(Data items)
════════

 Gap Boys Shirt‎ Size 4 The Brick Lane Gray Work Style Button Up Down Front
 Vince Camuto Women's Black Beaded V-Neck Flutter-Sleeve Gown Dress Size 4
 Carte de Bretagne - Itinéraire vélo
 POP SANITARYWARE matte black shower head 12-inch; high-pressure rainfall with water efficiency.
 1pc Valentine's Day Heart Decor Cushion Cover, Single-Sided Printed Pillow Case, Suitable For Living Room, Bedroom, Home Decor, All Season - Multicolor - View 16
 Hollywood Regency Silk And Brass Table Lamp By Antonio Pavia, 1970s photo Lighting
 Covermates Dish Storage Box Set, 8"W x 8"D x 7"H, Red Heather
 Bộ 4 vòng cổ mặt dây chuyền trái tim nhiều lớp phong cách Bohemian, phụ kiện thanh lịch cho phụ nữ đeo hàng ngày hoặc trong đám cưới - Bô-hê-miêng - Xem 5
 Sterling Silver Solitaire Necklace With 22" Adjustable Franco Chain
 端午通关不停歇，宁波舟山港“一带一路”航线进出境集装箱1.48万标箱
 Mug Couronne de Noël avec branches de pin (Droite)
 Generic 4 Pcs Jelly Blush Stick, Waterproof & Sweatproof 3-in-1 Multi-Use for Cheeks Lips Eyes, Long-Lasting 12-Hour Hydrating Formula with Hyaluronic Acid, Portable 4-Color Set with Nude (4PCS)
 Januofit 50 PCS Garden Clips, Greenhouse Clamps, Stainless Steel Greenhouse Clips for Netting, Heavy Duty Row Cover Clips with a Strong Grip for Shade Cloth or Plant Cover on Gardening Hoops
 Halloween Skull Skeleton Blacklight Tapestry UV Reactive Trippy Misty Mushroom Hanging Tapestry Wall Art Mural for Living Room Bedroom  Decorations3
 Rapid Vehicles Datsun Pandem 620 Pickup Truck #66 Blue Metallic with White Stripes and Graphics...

════════

**Your instructions:** The line with "Generic 4 Pcs" and every line after it up to the end of the entries: output those exactly, and only those.

**Expected output:**
 Generic 4 Pcs Jelly Blush Stick, Waterproof & Sweatproof 3-in-1 Multi-Use for Cheeks Lips Eyes, Long-Lasting 12-Hour Hydrating Formula with Hyaluronic Acid, Portable 4-Color Set with Nude (4PCS)
 Januofit 50 PCS Garden Clips, Greenhouse Clamps, Stainless Steel Greenhouse Clips for Netting, Heavy Duty Row Cover Clips with a Strong Grip for Shade Cloth or Plant Cover on Gardening Hoops
 Halloween Skull Skeleton Blacklight Tapestry UV Reactive Trippy Misty Mushroom Hanging Tapestry Wall Art Mural for Living Room Bedroom  Decorations3
 Rapid Vehicles Datsun Pandem 620 Pickup Truck #66 Blue Metallic with White Stripes and Graphics...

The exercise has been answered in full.